TL;DR: I built SysMonitor, a lightweight native macOS app that tracks system resources via the menu bar. I bypassed standard NSPopover constraints to create a custom glassmorphism widget that dynamically throttles its polling to save battery.
I got tired of system monitors that either gave me too little information or swallowed half my screen with aircraft-dashboard-level charts. When you just want to know why your fans are spinning, you don’t need a heavy Electron app hogging the memory it’s supposed to be tracking.
So, I built SysMonitor. It’s a completely native macOS system monitor that lives right in your menu bar. You get a quick glance at your CPU and RAM at all times, and a beautiful, translucent dropdown widget when you need the per-core or disk I/O details.
Here’s how I put it together using pure Swift and SwiftUI.
Architecture: Pure Swift and SwiftUI
To keep the memory footprint as low as possible, the whole app is built natively.
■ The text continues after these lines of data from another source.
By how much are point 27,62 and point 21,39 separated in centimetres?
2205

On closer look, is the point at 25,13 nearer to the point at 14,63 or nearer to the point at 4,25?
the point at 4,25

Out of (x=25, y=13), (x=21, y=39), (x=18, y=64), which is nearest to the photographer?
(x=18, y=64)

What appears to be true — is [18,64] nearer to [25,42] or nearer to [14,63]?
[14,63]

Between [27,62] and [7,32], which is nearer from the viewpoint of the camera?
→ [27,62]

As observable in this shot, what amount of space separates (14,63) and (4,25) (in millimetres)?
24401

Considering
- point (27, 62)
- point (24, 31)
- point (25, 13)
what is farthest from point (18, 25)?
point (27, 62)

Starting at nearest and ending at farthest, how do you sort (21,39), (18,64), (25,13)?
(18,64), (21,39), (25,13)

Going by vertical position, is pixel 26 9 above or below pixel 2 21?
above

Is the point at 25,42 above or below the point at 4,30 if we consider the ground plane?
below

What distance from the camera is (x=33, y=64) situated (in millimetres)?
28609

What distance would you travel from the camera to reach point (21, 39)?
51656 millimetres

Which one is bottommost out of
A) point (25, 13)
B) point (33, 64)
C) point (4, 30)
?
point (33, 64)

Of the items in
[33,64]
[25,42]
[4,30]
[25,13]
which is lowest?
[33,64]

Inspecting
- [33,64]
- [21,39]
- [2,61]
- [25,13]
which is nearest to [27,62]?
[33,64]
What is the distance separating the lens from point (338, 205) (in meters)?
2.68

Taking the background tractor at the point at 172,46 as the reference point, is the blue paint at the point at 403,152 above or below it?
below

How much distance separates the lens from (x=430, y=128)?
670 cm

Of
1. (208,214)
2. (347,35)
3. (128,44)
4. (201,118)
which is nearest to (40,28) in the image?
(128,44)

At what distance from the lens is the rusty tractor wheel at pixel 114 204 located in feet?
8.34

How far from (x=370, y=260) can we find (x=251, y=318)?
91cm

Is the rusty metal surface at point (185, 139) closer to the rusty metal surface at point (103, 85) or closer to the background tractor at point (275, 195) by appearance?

I used @NSApplicationDelegateAdaptor to bridge SwiftUI with a classic AppDelegate. The AppDelegate manages the lifecycle of the NSStatusItem (the menu bar icon) and coordinates the polling timers, while SwiftUI handles the complex layout of the widget itself.
Breaking Out of the Popover Box
The easiest way to build a menu bar dropdown in macOS is using NSPopover. You attach it to the NSStatusItem button, and macOS handles the rest.
But I had a specific aesthetic in mind: edge-to-edge glassmorphism. NSPopover wraps your content in a system-defined border and draws a little arrow pointing up to the menu bar. To get around this, I created a custom NSWindow and layered a SwiftUI view over an NSVisualEffectView:
let window = NSWindow(
contentRect: NSRect(x: 0, y: 0, width: 380, height: 560),
styleMask: [.titled, .closable, .miniaturizable, .fullSizeContentView],
backing: .buffered,
defer: false
)
// Make the window completely transparent
window.titlebarAppearsTransparent = true
window.titleVisibility = .hidden
window.isOpaque = false
window.backgroundColor = .clear
// Add the glassmorphism backdrop
let visualEffect = NSVisualEffectView()
visualEffect.blendingMode = .behindWindow
visualEffect.material = .hudWindow
visualEffect.state = .active
Menu Bar Positioning Math
By ditching NSPopover, I lost automatic positioning. When the user clicks the menu bar icon, my custom window didn’t know where to appear. I had to manually calculate the screen coordinates of the menu bar button and place the window directly beneath it.
Here is the exact math to make that happen reliably across different screen sizes and multi-monitor setups:
if let button = statusItem?.button, let _ = button.window?.screen {
// Convert button bounds to global screen coordinates
let buttonFrameInWindow = button.convert(button.bounds, to: nil)
let buttonFrameInScreen = button.window!.convertToScreen(buttonFrameInWindow)
let windowWidth = window.frame.width
let windowHeight = window.frame.height
// Center the window horizontally under the button
let xPos = buttonFrameInScreen.midX - (windowWidth / 2)
// Place it just below the menu bar
let yPos = buttonFrameInScreen.minY - windowHeight - 5
window.setFrame(NSRect(x: xPos, y: yPos, width: windowWidth, height: windowHeight), display: true)
}
To make it behave like a popover, I implemented NSWindowDelegate and listened for windowDidResignKey. As soon as the user clicks anywhere else, the window runs a quick fade-out animation and hides itself.
Taming the CPU: Self-Throttling Polling
A macOS system monitor has to constantly run calculations—checking sysctl for memory stats or using host_processor_info for CPU ticks. If you aren’t careful, the monitor itself becomes the reason your CPU is spiking.
To fix this, SysMonitor dynamically shifts gears. When the widget is open and you are actively looking at the real-time charts, it polls every 2 seconds. When the widget hides, it throttles down to every 5 seconds, maintaining enough accuracy for the menu bar text while saving battery life.
extension AppDelegate: NSWindowDelegate {
func windowWillClose(_ notification: Notification) {
startPollingTimer() // This method checks `isVisible` and drops the rate to 5s
}
func windowDidResignKey(_ notification: Notification) {
if let window = widgetWindow, window.isVisible {
hideWidgetWindow() // Fades out and triggers the polling drop
}
}
}
Building native Mac apps forces you to interact with some older AppKit APIs, but wrapping them in SwiftUI makes for an incredibly smooth development experience. If you’re tired of electron-based tools draining your battery, you can grab the code for SysMonitor over on GitHub. Try compiling it yourself and tweaking the glassmorphism parameters!